My Lords, the Government’s overarching principle in procuring public services in the private sector is to secure the best quality and value for money for the taxpayer over the life of the contract. On coming to power in 2010, the Government found that public sector procurement was fragmented, bureaucratic, protracted and expensive, both for bidders and for procurers. The procurement reforms we have introduced since 2010 have made the way we do business more competitive, more transparent, better value and far simpler than before.
Does the Minister agree with me that blaming the past for our problems in the present does not actually get us very far? Does he also agree with virtually everybody else that we are being ripped off by these companies, not only on energy prices but also in the Work Programme and in health assessments and rail fares? We learnt from the Financial Times only this morning that the Government are concerned that we are being ripped off by the water companies. What steps are the Government taking to rebuild public trust, and hold down the cost of living, by giving social obligations a higher priority and encouraging an attitude of public service?
My Lords, I hope you will accept that there is, to some extent, a difference between the relationship that the Government have with water companies and energy suppliers, which have regulators, and the direct contracts that the Government have with particular suppliers such as Serco and G4S. The concerns that we have at present over Serco and G4S are widely known. The Government are conducting a review of contracts with Serco and G4S across the board.
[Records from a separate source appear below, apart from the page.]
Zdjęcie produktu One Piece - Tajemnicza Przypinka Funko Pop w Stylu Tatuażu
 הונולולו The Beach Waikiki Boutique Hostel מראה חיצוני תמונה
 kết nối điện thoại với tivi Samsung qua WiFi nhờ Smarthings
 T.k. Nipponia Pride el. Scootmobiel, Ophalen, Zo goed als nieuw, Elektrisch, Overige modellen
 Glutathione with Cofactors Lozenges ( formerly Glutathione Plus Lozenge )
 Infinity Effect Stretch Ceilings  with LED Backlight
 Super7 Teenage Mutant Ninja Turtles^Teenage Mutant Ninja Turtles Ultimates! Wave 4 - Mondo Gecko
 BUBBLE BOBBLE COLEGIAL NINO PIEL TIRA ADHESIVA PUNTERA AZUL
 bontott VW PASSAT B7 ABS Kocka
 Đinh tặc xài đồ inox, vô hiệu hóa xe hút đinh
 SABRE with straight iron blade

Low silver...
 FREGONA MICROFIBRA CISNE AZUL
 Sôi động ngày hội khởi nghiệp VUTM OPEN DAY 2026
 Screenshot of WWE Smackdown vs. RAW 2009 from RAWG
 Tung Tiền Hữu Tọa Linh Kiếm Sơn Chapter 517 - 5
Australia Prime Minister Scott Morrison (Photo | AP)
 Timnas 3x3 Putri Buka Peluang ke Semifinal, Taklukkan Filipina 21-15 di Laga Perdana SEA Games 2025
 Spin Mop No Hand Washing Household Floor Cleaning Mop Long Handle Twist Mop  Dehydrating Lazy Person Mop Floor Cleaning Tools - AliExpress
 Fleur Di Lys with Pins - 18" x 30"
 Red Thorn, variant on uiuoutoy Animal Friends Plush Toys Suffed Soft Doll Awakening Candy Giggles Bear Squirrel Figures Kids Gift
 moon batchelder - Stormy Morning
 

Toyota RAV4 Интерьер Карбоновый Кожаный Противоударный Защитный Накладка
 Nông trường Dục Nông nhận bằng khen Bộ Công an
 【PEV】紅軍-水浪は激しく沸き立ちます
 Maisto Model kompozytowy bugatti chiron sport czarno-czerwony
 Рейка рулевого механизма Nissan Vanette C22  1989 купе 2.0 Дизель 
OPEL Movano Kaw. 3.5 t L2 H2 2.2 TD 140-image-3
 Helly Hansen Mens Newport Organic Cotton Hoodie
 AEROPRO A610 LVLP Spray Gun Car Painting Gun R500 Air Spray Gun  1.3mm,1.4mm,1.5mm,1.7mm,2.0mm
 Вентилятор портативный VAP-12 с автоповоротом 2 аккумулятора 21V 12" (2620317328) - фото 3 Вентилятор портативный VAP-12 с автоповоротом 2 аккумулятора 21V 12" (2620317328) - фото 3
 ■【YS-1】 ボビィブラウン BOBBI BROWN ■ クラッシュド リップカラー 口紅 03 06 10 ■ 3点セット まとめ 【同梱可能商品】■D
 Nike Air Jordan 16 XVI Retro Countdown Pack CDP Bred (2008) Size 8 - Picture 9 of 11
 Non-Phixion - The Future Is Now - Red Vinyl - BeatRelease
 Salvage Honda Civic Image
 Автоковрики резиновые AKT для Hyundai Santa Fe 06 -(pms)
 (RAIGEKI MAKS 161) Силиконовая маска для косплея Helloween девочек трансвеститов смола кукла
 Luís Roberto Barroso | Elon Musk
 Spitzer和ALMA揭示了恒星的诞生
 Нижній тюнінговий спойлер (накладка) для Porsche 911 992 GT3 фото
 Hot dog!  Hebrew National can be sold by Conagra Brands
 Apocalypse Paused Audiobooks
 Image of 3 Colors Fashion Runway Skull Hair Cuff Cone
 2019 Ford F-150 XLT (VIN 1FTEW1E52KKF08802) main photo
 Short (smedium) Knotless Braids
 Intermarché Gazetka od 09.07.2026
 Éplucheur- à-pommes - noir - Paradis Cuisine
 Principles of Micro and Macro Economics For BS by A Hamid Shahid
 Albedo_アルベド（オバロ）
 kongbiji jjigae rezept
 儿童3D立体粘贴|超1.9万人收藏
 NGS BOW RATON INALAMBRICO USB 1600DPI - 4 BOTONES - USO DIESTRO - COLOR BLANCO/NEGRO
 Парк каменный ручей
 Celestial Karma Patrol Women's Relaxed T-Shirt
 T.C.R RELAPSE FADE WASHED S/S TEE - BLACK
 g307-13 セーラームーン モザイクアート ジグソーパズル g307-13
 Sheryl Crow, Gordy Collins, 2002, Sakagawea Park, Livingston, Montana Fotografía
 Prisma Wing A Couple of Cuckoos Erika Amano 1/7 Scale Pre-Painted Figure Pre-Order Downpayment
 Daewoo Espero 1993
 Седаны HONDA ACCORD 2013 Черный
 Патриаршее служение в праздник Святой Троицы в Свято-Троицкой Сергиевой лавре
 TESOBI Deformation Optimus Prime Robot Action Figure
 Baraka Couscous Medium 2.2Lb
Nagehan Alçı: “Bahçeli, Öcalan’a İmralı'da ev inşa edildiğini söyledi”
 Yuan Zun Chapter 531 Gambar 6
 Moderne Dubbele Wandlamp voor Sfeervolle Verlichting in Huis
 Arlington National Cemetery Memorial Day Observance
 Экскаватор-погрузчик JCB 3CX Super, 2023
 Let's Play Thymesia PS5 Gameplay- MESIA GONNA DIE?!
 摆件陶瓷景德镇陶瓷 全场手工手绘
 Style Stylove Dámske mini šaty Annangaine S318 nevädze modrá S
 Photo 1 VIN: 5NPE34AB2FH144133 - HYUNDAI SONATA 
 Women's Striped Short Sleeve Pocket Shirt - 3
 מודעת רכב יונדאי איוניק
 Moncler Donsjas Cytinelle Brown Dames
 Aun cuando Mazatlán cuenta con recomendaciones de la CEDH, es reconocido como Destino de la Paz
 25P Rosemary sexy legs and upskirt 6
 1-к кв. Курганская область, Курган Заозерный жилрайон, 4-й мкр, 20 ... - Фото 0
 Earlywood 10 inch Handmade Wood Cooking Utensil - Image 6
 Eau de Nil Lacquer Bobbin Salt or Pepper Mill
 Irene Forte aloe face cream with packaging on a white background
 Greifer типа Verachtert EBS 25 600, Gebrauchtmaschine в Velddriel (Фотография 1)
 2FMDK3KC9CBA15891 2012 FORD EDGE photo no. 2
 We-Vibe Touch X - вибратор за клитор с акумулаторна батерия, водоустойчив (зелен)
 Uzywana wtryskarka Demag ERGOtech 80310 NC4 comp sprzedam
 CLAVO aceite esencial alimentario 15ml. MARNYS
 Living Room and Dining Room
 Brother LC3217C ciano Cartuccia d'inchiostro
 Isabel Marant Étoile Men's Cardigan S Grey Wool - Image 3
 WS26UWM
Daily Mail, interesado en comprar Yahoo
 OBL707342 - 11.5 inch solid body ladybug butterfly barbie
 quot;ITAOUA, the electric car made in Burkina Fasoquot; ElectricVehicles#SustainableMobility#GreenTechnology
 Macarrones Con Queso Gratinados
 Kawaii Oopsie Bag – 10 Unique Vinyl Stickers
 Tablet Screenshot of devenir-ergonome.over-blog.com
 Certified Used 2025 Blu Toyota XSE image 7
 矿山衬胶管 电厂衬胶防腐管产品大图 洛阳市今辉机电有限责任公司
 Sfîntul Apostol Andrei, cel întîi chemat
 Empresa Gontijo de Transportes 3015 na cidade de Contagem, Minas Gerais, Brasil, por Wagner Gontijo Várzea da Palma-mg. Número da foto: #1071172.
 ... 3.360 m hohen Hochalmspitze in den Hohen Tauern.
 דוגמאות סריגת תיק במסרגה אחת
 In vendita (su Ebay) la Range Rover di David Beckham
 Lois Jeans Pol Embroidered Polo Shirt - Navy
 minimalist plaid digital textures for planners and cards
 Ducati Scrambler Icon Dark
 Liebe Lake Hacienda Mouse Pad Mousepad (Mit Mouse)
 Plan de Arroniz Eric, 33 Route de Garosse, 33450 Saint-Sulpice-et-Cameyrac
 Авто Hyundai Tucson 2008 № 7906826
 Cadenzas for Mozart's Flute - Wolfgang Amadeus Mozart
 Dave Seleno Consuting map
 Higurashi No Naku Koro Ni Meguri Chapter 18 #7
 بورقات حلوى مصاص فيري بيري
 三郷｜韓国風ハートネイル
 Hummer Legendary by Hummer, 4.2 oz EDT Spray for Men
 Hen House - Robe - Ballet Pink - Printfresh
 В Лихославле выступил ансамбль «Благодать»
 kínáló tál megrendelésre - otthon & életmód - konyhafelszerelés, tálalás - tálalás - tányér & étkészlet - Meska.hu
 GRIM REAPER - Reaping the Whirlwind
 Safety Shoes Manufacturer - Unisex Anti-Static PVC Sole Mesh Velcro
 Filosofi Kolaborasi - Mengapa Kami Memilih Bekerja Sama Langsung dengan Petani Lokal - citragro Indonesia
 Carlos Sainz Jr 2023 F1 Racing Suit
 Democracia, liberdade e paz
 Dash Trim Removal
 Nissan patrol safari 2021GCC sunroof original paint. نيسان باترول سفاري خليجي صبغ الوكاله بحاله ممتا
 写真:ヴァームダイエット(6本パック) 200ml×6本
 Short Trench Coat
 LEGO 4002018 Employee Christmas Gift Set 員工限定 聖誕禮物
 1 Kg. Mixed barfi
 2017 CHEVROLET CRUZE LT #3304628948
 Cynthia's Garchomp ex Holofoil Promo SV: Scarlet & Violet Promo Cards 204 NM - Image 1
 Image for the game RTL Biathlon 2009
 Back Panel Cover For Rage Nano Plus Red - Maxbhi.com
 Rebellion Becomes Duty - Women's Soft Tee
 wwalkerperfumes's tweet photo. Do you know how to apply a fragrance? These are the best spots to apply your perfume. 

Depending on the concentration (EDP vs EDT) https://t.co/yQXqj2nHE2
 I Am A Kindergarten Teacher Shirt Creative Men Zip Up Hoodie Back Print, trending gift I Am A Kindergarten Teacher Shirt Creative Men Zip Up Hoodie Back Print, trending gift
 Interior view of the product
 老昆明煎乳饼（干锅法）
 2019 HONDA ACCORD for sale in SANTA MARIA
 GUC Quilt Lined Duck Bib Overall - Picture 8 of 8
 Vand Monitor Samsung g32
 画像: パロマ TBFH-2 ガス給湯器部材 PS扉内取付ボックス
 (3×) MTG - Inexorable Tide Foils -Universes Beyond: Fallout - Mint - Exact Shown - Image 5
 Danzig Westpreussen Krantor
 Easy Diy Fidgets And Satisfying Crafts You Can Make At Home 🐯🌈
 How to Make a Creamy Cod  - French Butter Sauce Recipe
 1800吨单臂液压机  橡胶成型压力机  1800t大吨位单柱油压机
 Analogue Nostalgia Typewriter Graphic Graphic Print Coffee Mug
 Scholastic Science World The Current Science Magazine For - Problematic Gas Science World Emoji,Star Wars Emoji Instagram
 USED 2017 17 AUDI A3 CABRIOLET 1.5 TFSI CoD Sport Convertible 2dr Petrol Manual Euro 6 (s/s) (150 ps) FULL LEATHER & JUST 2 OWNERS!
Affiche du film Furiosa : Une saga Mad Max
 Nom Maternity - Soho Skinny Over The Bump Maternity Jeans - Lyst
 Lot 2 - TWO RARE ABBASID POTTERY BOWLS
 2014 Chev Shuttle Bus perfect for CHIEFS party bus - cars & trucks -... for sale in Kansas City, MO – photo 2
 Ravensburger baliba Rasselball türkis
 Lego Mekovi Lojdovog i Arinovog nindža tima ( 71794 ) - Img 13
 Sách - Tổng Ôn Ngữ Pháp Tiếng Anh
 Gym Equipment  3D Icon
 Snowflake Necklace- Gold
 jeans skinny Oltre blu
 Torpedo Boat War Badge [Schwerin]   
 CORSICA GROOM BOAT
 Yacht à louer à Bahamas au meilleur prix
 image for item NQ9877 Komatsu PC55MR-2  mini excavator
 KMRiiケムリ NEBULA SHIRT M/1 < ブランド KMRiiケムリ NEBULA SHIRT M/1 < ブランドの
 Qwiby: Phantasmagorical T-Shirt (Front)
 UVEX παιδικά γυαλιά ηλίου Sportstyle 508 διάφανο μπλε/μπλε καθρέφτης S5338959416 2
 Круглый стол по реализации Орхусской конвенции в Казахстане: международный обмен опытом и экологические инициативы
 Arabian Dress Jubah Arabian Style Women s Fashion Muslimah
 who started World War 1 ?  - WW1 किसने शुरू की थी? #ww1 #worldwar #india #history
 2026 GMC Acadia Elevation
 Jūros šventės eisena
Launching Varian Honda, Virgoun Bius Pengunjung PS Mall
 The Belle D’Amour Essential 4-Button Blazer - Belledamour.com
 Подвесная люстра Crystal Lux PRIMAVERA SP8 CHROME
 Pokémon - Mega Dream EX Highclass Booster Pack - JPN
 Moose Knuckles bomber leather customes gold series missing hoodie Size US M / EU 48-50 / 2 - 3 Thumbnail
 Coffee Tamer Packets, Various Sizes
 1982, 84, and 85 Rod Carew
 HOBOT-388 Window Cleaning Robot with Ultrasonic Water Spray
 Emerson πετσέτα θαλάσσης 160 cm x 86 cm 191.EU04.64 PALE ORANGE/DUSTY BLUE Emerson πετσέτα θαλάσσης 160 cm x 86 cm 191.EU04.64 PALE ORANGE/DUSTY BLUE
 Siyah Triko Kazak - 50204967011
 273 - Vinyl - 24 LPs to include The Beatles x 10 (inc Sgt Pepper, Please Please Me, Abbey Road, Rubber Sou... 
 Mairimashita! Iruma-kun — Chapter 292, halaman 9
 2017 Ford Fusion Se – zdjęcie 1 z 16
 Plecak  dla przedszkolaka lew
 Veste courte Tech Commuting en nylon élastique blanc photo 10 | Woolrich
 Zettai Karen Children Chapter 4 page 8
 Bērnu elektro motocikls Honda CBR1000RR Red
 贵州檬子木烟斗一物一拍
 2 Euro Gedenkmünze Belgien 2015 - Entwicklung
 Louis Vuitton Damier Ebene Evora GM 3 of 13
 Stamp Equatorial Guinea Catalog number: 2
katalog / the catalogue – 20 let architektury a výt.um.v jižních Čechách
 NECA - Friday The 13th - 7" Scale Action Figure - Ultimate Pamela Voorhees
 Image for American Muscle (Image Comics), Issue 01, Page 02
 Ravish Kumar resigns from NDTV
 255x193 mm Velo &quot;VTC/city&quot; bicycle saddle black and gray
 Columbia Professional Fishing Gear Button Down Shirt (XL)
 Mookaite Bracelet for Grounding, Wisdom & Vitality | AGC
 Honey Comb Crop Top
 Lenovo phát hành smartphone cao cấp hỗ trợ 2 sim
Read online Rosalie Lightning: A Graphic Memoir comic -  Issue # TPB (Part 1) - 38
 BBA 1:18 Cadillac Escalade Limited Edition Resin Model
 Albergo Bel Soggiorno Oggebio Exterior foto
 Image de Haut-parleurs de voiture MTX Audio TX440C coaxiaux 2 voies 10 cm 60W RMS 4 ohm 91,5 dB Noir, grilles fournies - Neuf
Does my noble friend recall that, prior to 1979, hundreds of local authorities had direct labour departments building council homes and carrying out maintenance at a massive loss of billions of pounds to the local ratepayers and the taxpayer in general? In 1979, very early on, those councils were prevented from doing that and the private sector construction industry was brought in to build those flats. Is that not a better way forward, and has that not been proven over the years?
My Lords, I think we have discovered yet again that there is no perfect way of providing goods and services and that each model has its own advantages and disadvantages. The Government are currently doing their best to encourage the development of mutuals. Some weeks ago I went round the mutual housing association operating in Bradford, and it was doing a superb job, in particular in training apprentices. But of course there are good examples and bad examples in almost every sector.
My Lords, does the Minister agree that transparency can only improve the delivery of public services by private sector companies? If he does, can he explain exactly why the Government continue to resist the extension of the Freedom of Information Act to the provision of public services by private sector companies?
In the light of the recent criticisms of past exercises in public procurement, can the Minister give the House an absolute assurance that the Government will in future ensure that in every such procurement the reasons and objectives are clearly laid out so that delivery can be monitored and success assessed; that a realistic and workable alternative is available so that the Government do not in the last hours find themselves negotiating over a barrel; and, lastly, that the Government are clear about which risks they will keep and, when they want to allocate those risks to the operator, how that will be achieved?
My Lords, I wish that every potential risk was clear before one ever signed a contract, as that is part of the problem. The Government are aware that part of the problem with public procurement is that it has proved easier to contract with very large-scale providers which then very often subcontract to other suppliers. We are moving towards the target of 25% of contracts going to small and medium-sized suppliers so that there are direct relations with those who are actually on the ground providing the service in the regions and the localities. That is one of the things that we hope will improve the quality.
My Lords, does the Minister agree that the original concept of hiring commercial enterprise to conduct the business of the Government was meant to gain better efficiency and value for money? Does he agree that this has failed in the sense that most of these private contractors actually spend most of their time enhancing their profit margins instead of looking after the service that they are supposed to be providing? Serco, as he has already mentioned, is the classic example where, I believe, there are allegations of fraudulent activities.
My Lords, in the case of Serco, the noble Lord will have seen that a number of senior executives have resigned in recent weeks. We welcome that and see it as a positive first step in the process of corporate renewal. Across the board, however, I am not sure that I would wish to blacken every company providing services for the state in the way that the noble Lord has perhaps suggested.
My Lords, I declare my interests as set out in the register. Does my noble friend the Minister accept that there are millions of privately employed workers delivering public services who go to work every day completely dedicated to the quality of services that they deliver to the public? Does he recognise that, in tribute to their efforts, we should be clear that you do not have to be a public sector employee in order to be a public sector servant?
My Lords, one of the reasons why the Government are attempting to encourage more mutuals in this area is that there is considerable evidence that people who work for mutuals have a much stronger sense of service, job satisfaction and co-operative working.
My Lords, can the Government explain why, on the recently announced east coast main line franchise, they have allowed the state railways of the Netherlands, Germany and France to bid but not the directly operated railways that are owned by this Government? What is the difference?